What to produce:
Please restate the records below word for word, leaving out every picture.

Dataset excerpts

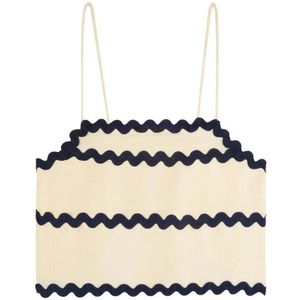 Scalpers Tricot ' '  navy / gemengde kleuren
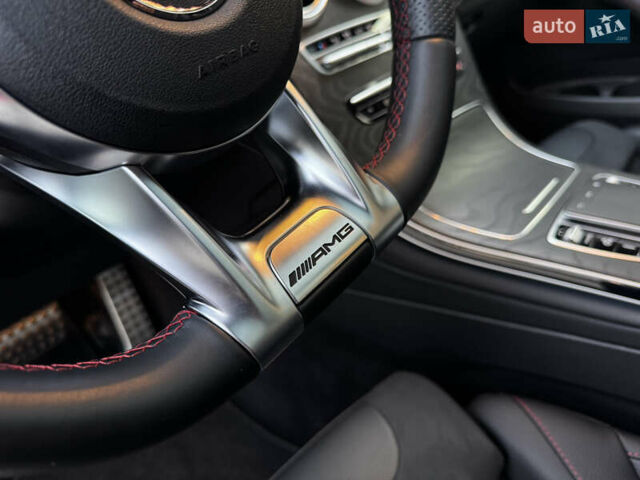 Чорний Мерседес ГЛЦ-Клас, об'ємом двигуна 3 л та пробігом 26 тис. км за 48900 $, фото 60 на Automoto.ua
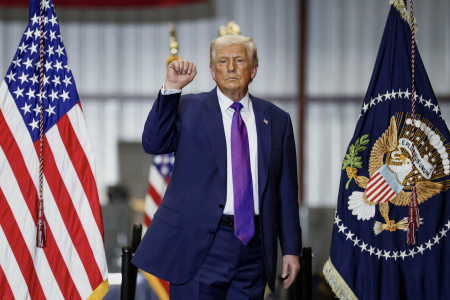 Trump’s global tariffs overturned by US Supreme Court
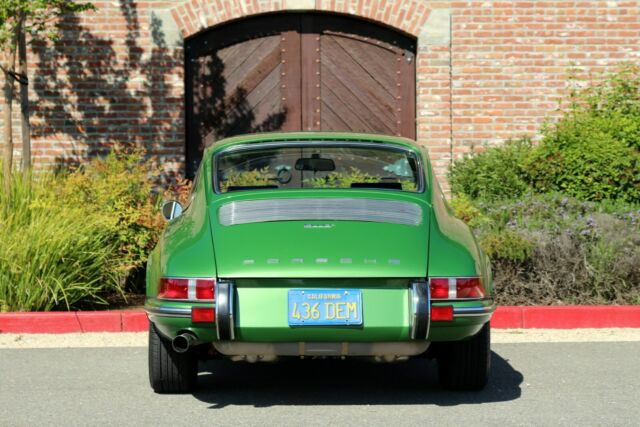 1971 Porsche 911 T Coupe - photo 4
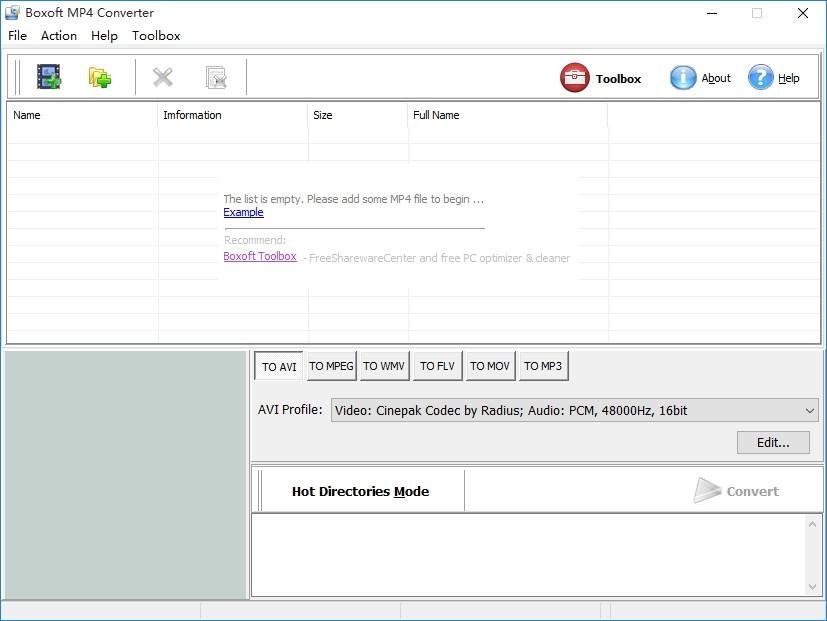 Boxoft MP4 Converter下载,MP4视频格式转换,视频转换,格式转换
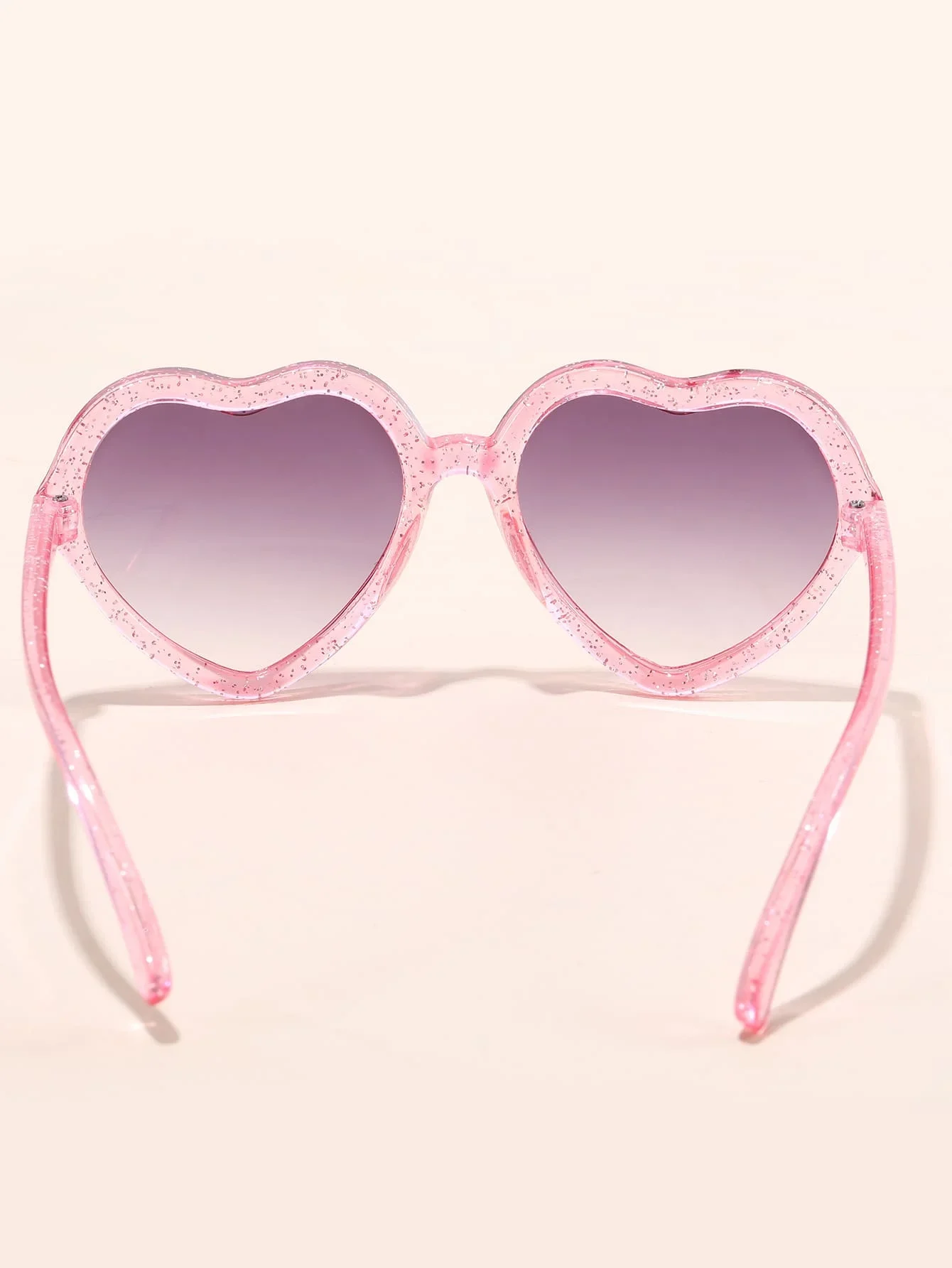 1 Pair Heart Shaped Children E - مراجعة Travel Accessories For Girls وسعره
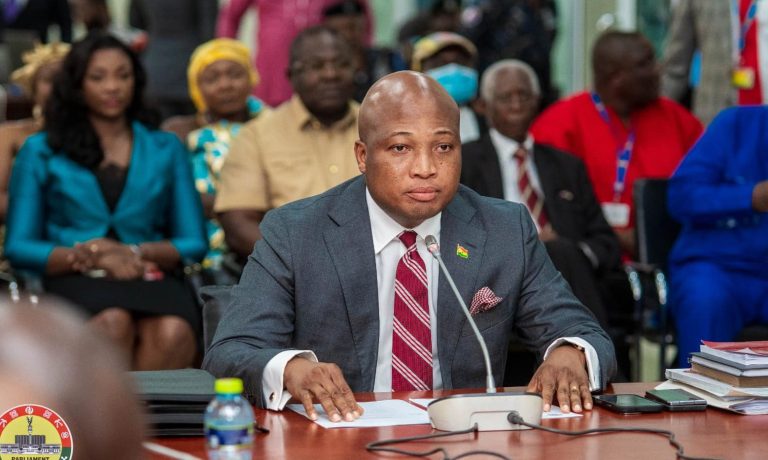Vetting: I dislike inhumane treatment to Ghanaians during visa acquisition — Ablakwa 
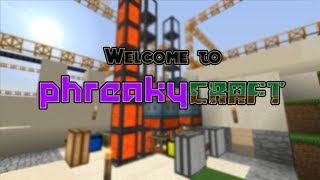 Welcome to PhreakyCraft || Tekkit ModPack screenshot 4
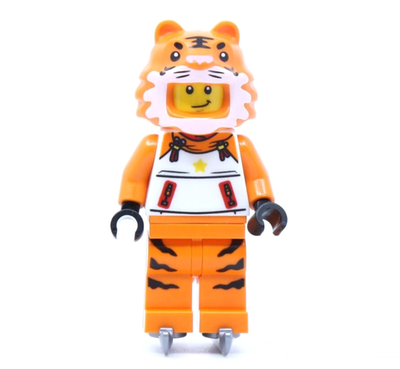 NEW Lego Chinese New Year Minifigure: Tiger Guy 80109 (hol258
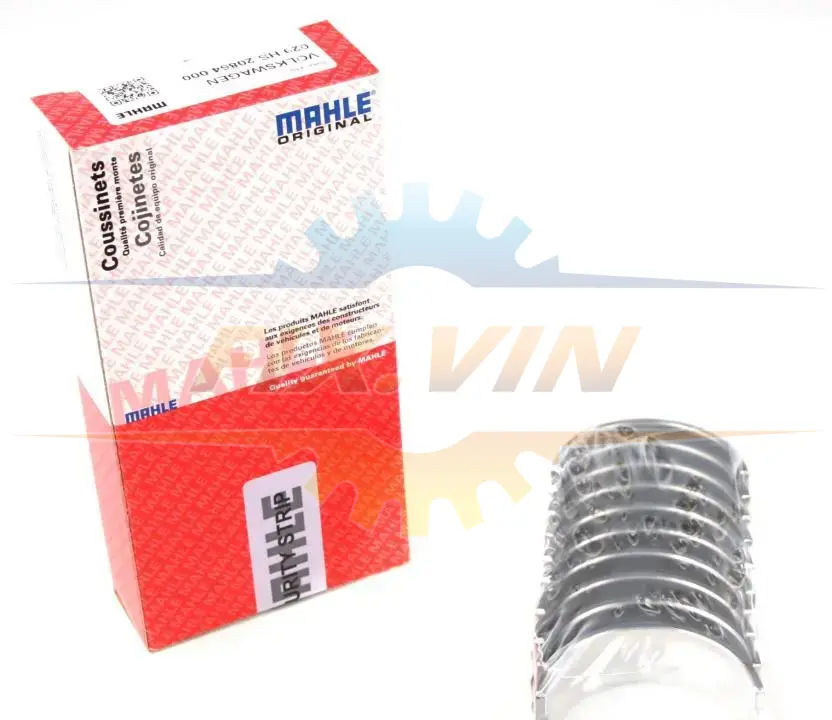 Підшипники ковзання корінні MAHLE MAHLE / KNECHT 029 HS 20864 000 (фото 1)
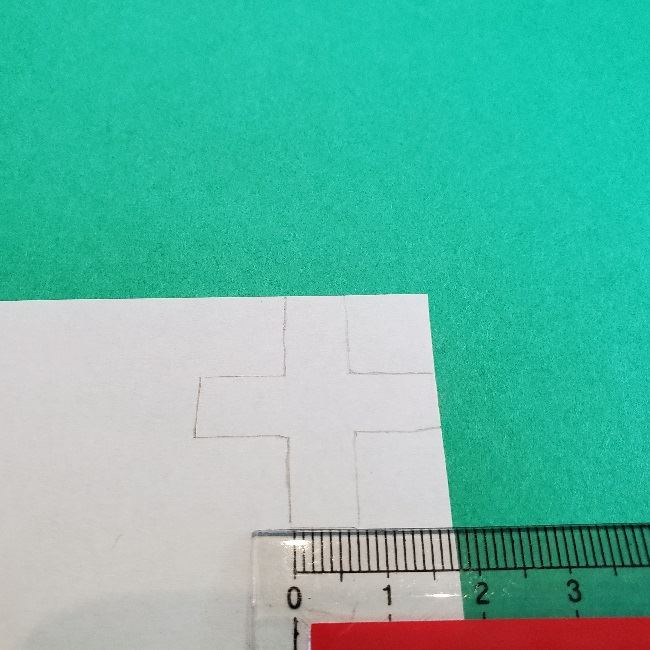 ワンピース チョッパーの折り紙の作り方折り方③完成(1)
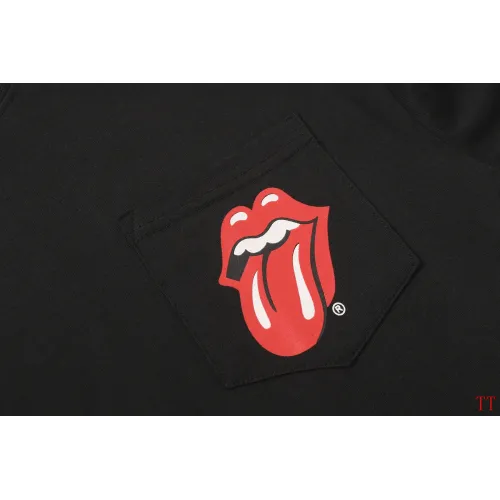 Replica Chrome Hearts T-Shirts Short Sleeved For Unisex #1439453 $36.00 USD for Wholesale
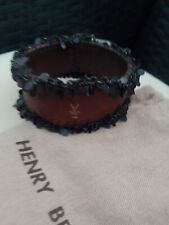 Henry beguelin bracelet for sale  HOCKLEY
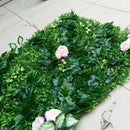 Synthetic Artificial Grass Mat Turf Lawn Garden Landscape Ornament 40x60cm
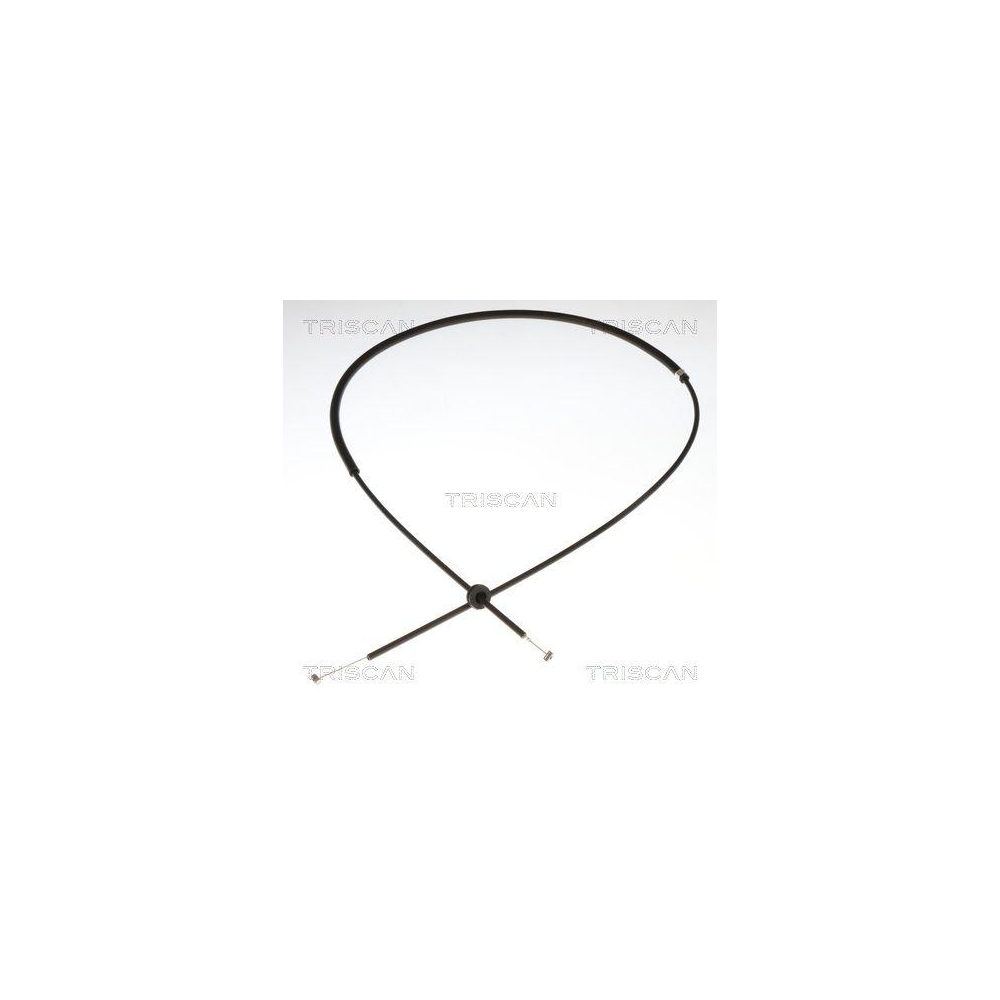 Motorhaubenzug TRISCAN 8140 11602 für BMW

Answer below:
 Scalpers Tricot ' '  navy / gemengde kleuren
 Чорний Мерседес ГЛЦ-Клас, об'ємом двигуна 3 л та пробігом 26 тис. км за 48900 $, фото 60 на Automoto.ua
 Trump’s global tariffs overturned by US Supreme Court
 1971 Porsche 911 T Coupe - photo 4
 Boxoft MP4 Converter下载,MP4视频格式转换,视频转换,格式转换
 1 Pair Heart Shaped Children E - مراجعة Travel Accessories For Girls وسعره
Vetting: I dislike inhumane treatment to Ghanaians during visa acquisition — Ablakwa 
 Welcome to PhreakyCraft || Tekkit ModPack screenshot 4
 NEW Lego Chinese New Year Minifigure: Tiger Guy 80109 (hol258
 Підшипники ковзання корінні MAHLE MAHLE / KNECHT 029 HS 20864 000 (фото 1)
 ワンピース チョッパーの折り紙の作り方折り方③完成(1)
 Replica Chrome Hearts T-Shirts Short Sleeved For Unisex #1439453 $36.00 USD for Wholesale
 Henry beguelin bracelet for sale  HOCKLEY
 Synthetic Artificial Grass Mat Turf Lawn Garden Landscape Ornament 40x60cm
 Motorhaubenzug TRISCAN 8140 11602 für BMW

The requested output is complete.